Steps for Old Beijing cheese roll

  • Make Old Beijing cheese roll step 0
    1
    The steps of the old Beijing cheese rolls first filtered homemade rice wine and only took rice fluid. The amount of rice wine in the formulation refers to the quantity of filtration fluid。
  • Make Old Beijing cheese roll step 1
    2
    Buying a cow's first milk can be seen on the surface. It's just that the kitchen didn't really work out。

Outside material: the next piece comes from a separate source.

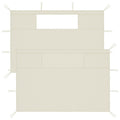 Pavillon-Seitenwände mit Fenstern 2 Stk. Creme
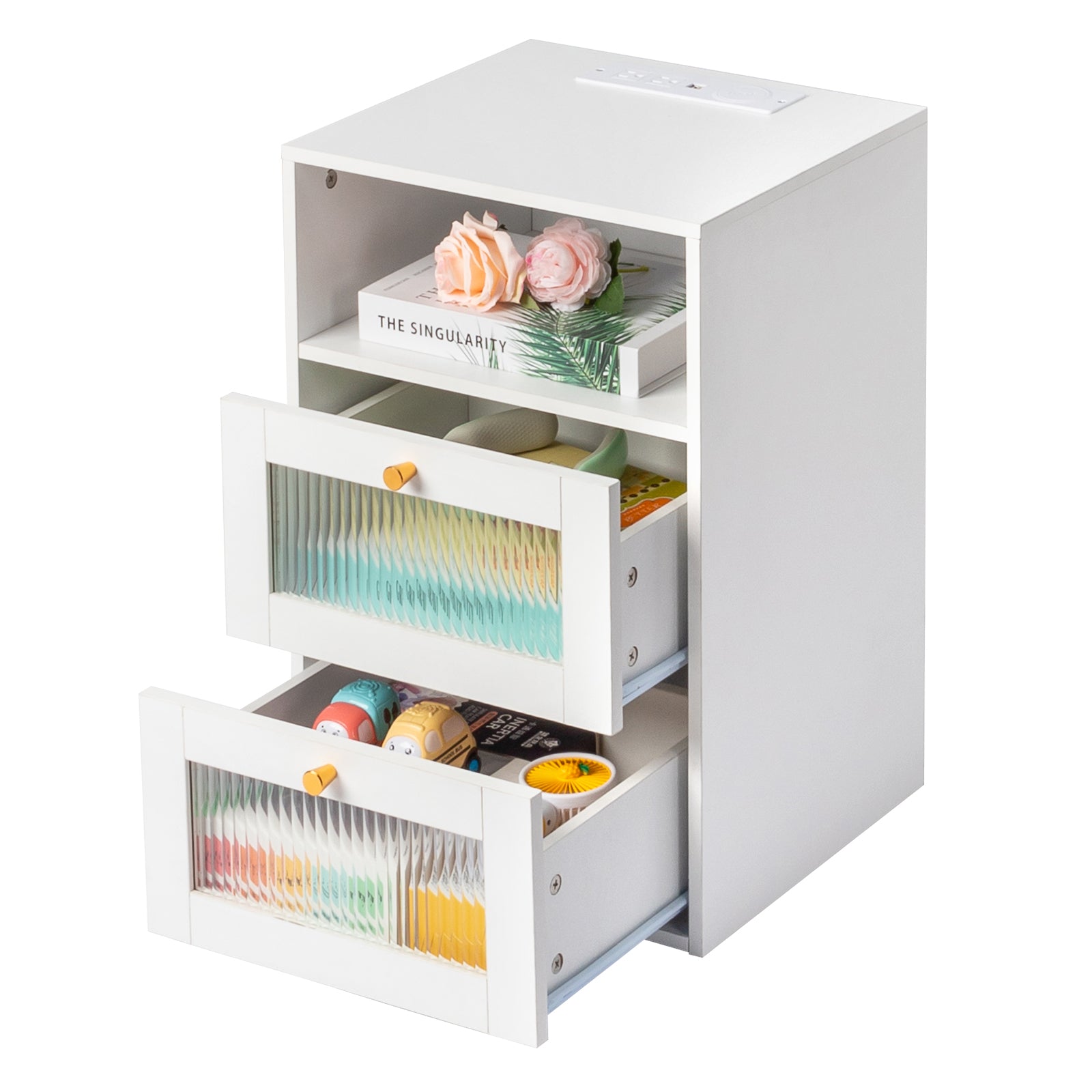 HAOYYE White Hemp Nightstand with Wireless Charging, RGB LED Light, USB Ports, Power Outlets, 2 Drawers, Changhong Glass Door, Modern Design.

  • Make Old Beijing cheese roll step 2
    3
    First milk boiled with fire and added rice wine
  • Make Old Beijing cheese roll step 3
    4
    First milk boiled with fire and added rice wine
  • Make Old Beijing cheese roll step 4
    5
    Keep cooking for about a minute and the cheese collide
  • Make Old Beijing cheese roll step 5
    6
    It's better to look away. The milk is clearly separated from the cheese
  • Make Old Beijing cheese roll step 6
    7
    I'll sift up the cheese and get it in the closet. Move
  • Make Old Beijing cheese roll step 7
    8
    Screeched on the net, under the net scaffolded, and then the cheese was pressurized for about half an hour
  • Make Old Beijing cheese roll step 8
    9
    Squeeze out the moisture cheese
  • Make Old Beijing cheese roll step 9
    10
    Put it in a fresh bag, make the cheese more nuanced, then make it about 5 mm thick. Snippets
  • Make Old Beijing cheese roll step 10
    11
    Cut the bag out of the side and put your own dates on the side of the cheese
  • Make Old Beijing cheese roll step 11
    12
    Roll up the cheese with the bag and the cane below. We'll keep our bags tight and we'll have the fridge frozen for about two hours
  • Make Old Beijing cheese roll step 12
    13
    It's good for cheese curls. The home-made date mud I used was a little soft, and if it was a little bit hard, it would have been better。
  • Old Beijing cheese roll Make Tips

    1. The filtered whey shouldn't be thrown away; it is very nutritious and tastes good. You can also whisk in an egg to drink it, or add wheat germ, oatmeal, and such to make porridge, which is excellent. 2. Because the date paste is very sweet, do not add sugar to the cheese.